The first item that I looked at during our visit to the American Antiquarian Society was the pocket almanac. The almanac was very fragile, as it looked to be used a great deal (the American Antiquarian Society did a great job of preserving such a fragile item). Looking at this item in person showed just how important an almanac was to have around and keep on your person. The almanac was clearly used all the time and carried around at almost every occasion. This tells me that the pocket almanac was one of the most widely used forms of media in early America. Having important dates, holidays, and keeping track of things one had to do was integral to the people at this time. Hence, the idea of being able to communicate the important dates and weather, as well as being able to write notes to oneself shows the importance of being able to keep important information on themselves. Seeing it in person made me realize that there were very many different forms of media in the United States and the information that was communicated varied based on the media that was chosen to communicate the information. Before looking at the almanac, I did not realize all the different types of information that needed to be communicated to Americans, because the pocket almanacs communicated information that was overlooked.

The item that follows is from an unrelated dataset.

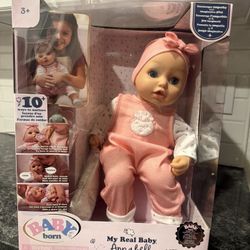 Baby Born My Real Baby Doll, Realistic Soft-Bodied Baby Doll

The next item that I looked at in person was the broadside for the Post Office, and this was very interesting to look at in person. Reading this item in person showed me that the Post Office was integral to communication in America, especially in New York and Philadelphia, which had mail sent twice daily, instead of the normal in other cities which was once a day. The broadside stated the purposed of the Post Office, which was to carry letters at the most convenience for the cheapest price for the people. This shows why the Post Office became so popular as time progressed. This broadside also shows me that in in 1844, people wanted to know about the Post Office, since the institution felt they needed to post a broadside that would inform the people about the roles and goals of the Post Office. Interestingly enough, the Post Office stated that letters containing money would not be received, which was similar to the post I had last week on Henkin. This broadside was a fascinating in understanding exactly what the Post Office wanted to accomplish and showing that people were interested in understanding how the Post Office can help them. 

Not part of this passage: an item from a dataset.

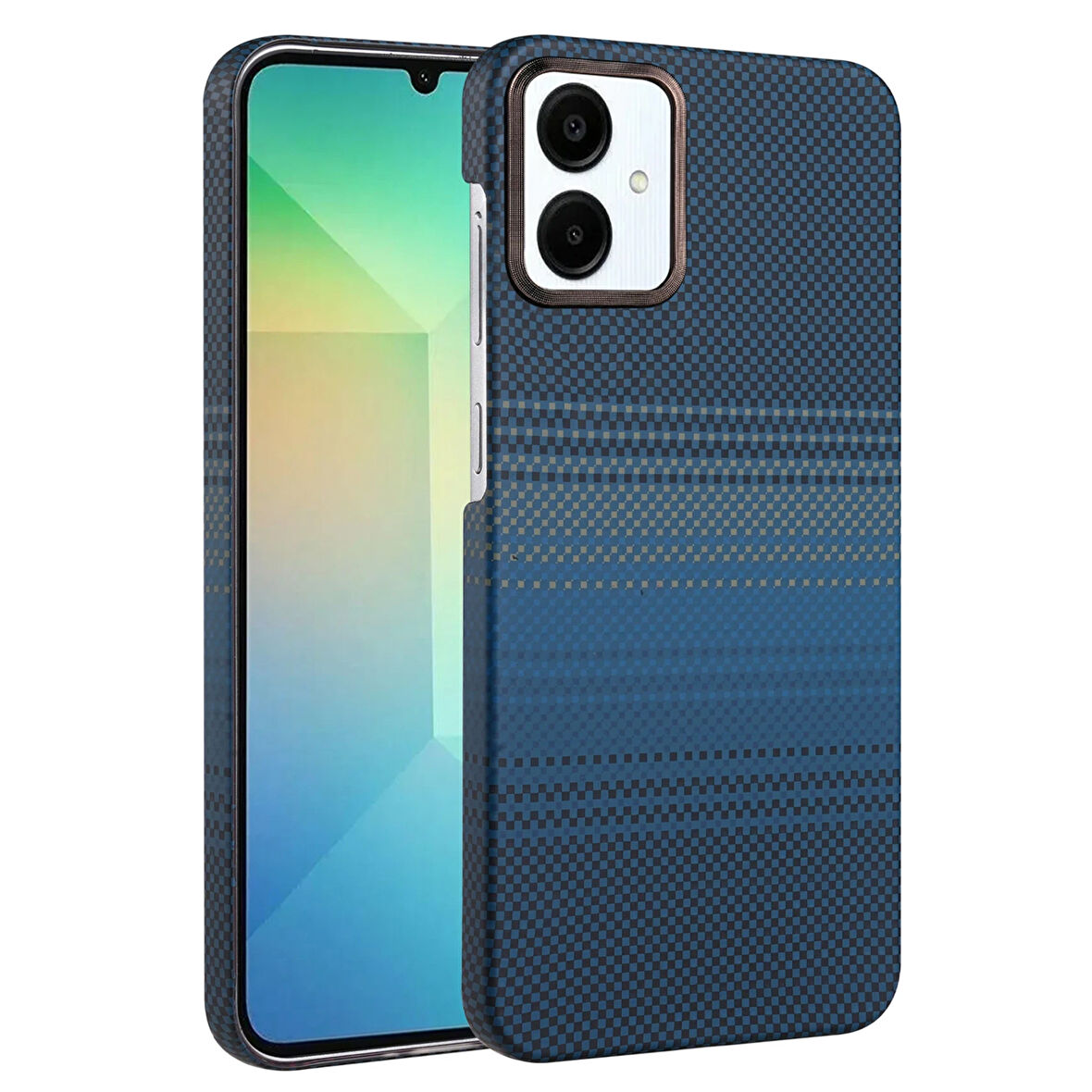 Samsung Galaxy A06 Kılıf Vega Magsafe Karbon Desen Kapak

The last item that I looked at in the American Antiquarian Society was the Graphic Facsimile titled, “The Progress of the Century.” Seeing this in person made me realize the power of art and how every detail in the painting was there to communicate a message to the people. This facsimile shows the evolution of the communication system in America, as forms of communication were shipped in trains and steam boats, which became extremely popular forms of transportation in the nineteenth century. By looking at the piece of artwork in person, I was able to look at the intricacies of artwork at this time and how each detail was in included for a specific purpose. If I was just looking at this piece of artwork on the internet then I would not have been able to see these details and would not understand how these details were important to communicating information to people. Overall, the trip to the American Antiquarian Society was a great experience that showed the importance of looking at sources in person.
 The New-England almanack, or, Lady’s and gentleman’s diary, for the year of our Lord Christ 1788. Providence: Printed and sold, wholesale and retail, by John Carter, at the Post-Office, at Shakespeare’s Head, near the State-House, 1787.
 “American post office. : The American Letter Mail Company have established post offices in New-York, Philadelphia, Baltimore and Boston,” (n.p., 1844).
 The Progress of the century (New York: Currier & Ives, 1876), facsimile.